- [Task item]
Using the data below, output a verbatim copy of the lines between the one holding "The more original/unique" and the one holding "люльками, АГП Разработка", inclusive, without any pictures.

- [Dataset records]
══════════════════════════════
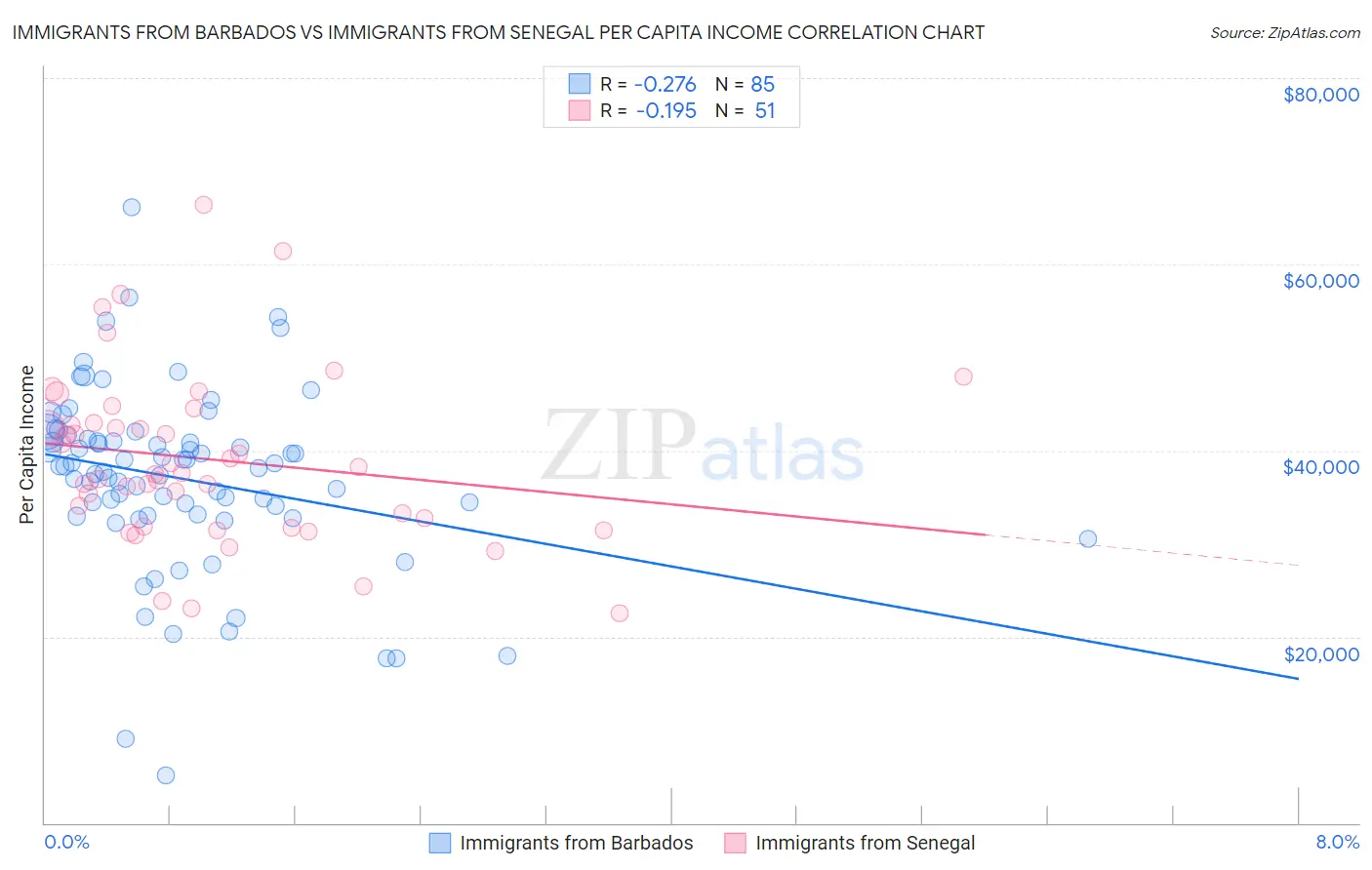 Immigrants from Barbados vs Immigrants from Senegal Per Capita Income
══════════════════════════════
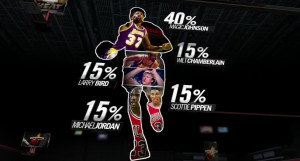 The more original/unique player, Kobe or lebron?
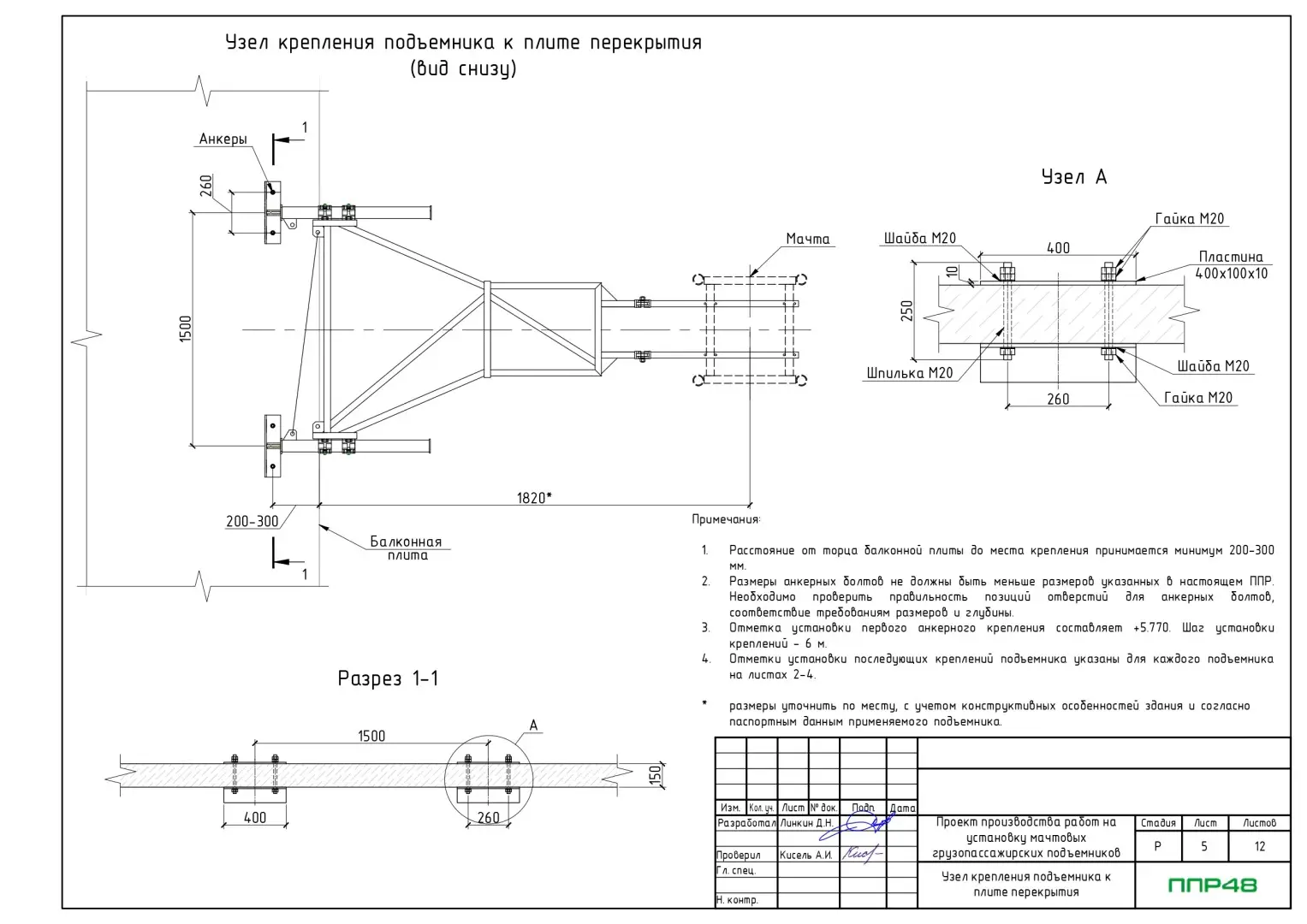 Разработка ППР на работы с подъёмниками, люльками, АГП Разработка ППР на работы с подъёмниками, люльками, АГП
══════════════════════════════
- [Response]
 The more original/unique player, Kobe or lebron?
 Разработка ППР на работы с подъёмниками, люльками, АГП Разработка ППР на работы с подъёмниками, люльками, АГП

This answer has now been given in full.